UT student to intern at National Geographic Society

April 25, 2012 | News, UToday
By Feliza Casano



A University of Toledo geography and planning student has been awarded a competitive summer internship with the National Geographic Society.

Lee

Yujin Lee, a junior, will spend her summer in Washington, D.C., as one of a limited number of geography interns at the National Geographic Society. According to the scientific and educational institution’s website, the programs “are highly competitive and target students with skills and determination in fields pertinent to National Geographic’s work.”

The National Geographic Society was founded in 1888 to promote science and exploration and amass funds for expeditions around the world. The trips were publicized in National Geographic Magazine. That publication saw an explosion of subscriptions in the early 2000s with about 10 million subscribers today.

The society offers internships in photography and geography.

“Yujin’s earned the right to have this experience,” said Dr. David Nemeth, UT professor of geography and one of Lee’s advisers. “Only about 700 geography undergraduate students have participated in the internship program since it was founded, so she’s part of a fortunate few.”

Lee, a native of Bucheon, South Korea, said she is looking forward to her time in Washington, D.C., since she has only visited the nation’s capital once as a freshman for a geography conference.

“I’m very excited to go,” she said. “I know I couldn’t do this internship without help from Dr. Nemeth, Dr. Bhuiyan Alam, assistant professor of geography, and Dr. Beth Schlemper, assistant professor of geography, and I am very grateful to them.”

Lee said the internship experience will use her skills from her program at UT, where her concentration is geographic information science (GIS).

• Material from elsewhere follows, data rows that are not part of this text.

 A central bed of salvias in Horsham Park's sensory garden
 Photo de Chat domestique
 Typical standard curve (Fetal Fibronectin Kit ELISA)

“Yujin may be assigned or maybe even volunteer to work in the museum as a researcher, or even use her specialized skills from working in our GIS lab in her internship,” Nemeth said. “Our department at UT can boast two National Geographic interns, while many universities have none.”

The Geography and Planning Department last sent a student intern to the National Geographic Society in 1996; Julie Ward wrote her master’s thesis on her experience.